Let $S$ be a surface in $\mathbb{R}^3$ defined by the graph $z=f(x,y)$ of a smooth function $f: \mathbb{R}^2 \to \mathbb{R}$. Suppose furthermore that $S$ satisfies the second-derivative test for a local max or min at a critical point $p^* = (x^*,y^*)$; i.e. the Hessian matrix $H(x,y)$ of $f$ satisfies
det$(H)>0$, and either $H_{xx}>0$ or $H_{xx}<0$
when evaluated at $p^*$.
I'm looking for a proof (or counterexample) of the following statement:
Suppose $f(x^*,y^*)=c^*$. Then horizontal slices $f(x,y) = c$ include closed curves for values of $c$ sufficiently close to $c^*$ on either the right or the left.

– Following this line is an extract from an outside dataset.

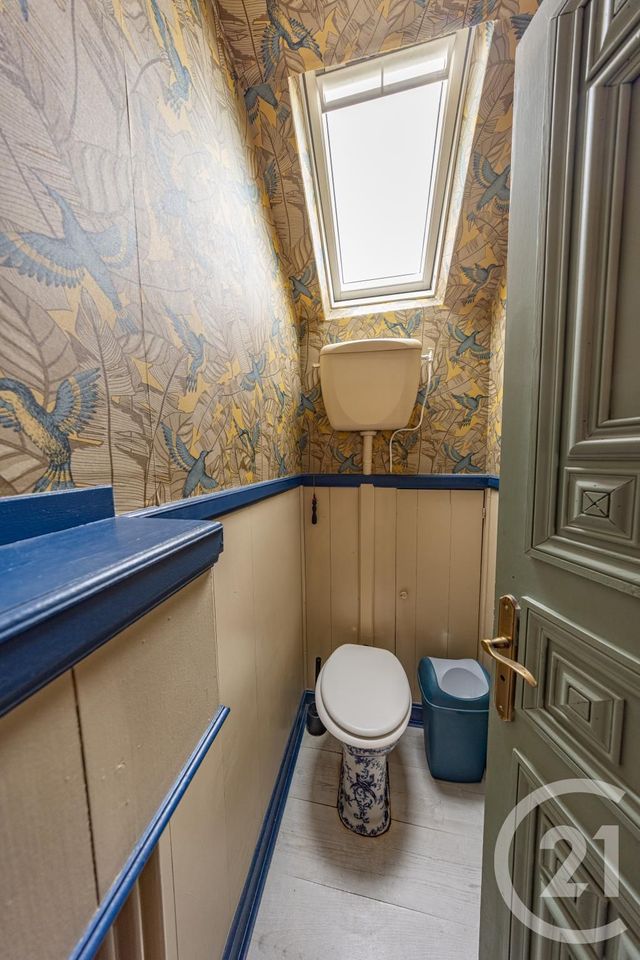 maison à vendre - 5 pièces - 108.86 m2 - BOUSSY ST ANTOINE - 91 - ILE-DE-FRANCE - Century 21 Optimmo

This is obvious for elliptic paraboloids $f(x,y) = x^2/a^2+y^2/b^2$. Otherwise we can Taylor expand around the critical point so that the nontrivial leading-order terms are quadratic in $x$ and $y$, but it's not clear how to show that the intersections contain 'just slightly perturbed ellipses near $p^*$' in that case.
So here is a sketch.
For simplicity, let us consider the case where $f:\mathbb{R}^2\to\mathbb{R}$ attains a local minimum at $p=(0,0)$ with $f(p)=0$. By virtue of the inverse function theorem (for $Df$), $0$ is an isolated critical point of $f$, and so, we may restrict $f$ to a small ball around $0$ and assume that $0$ is the only critical point. Restricting the domain of $f$ further, we may also assume that there exist $\delta>0$ and $\epsilon>0$ such that for any $q$ in the domain with $|q|>\delta$ we have $f(q)>\epsilon$ (this can be shown, for example, by Taylor's theorem).
Now, let $0<a<\epsilon$ lie in the image of $f$. Then $a$ is a regular value, and so, the level set $f^{-1}(a)$ is a regular curve. On the other hand, this level set is closed (as a subset of $\mathbb{R}^2$) and contained in the closed $\delta$-ball around zero and hence compact.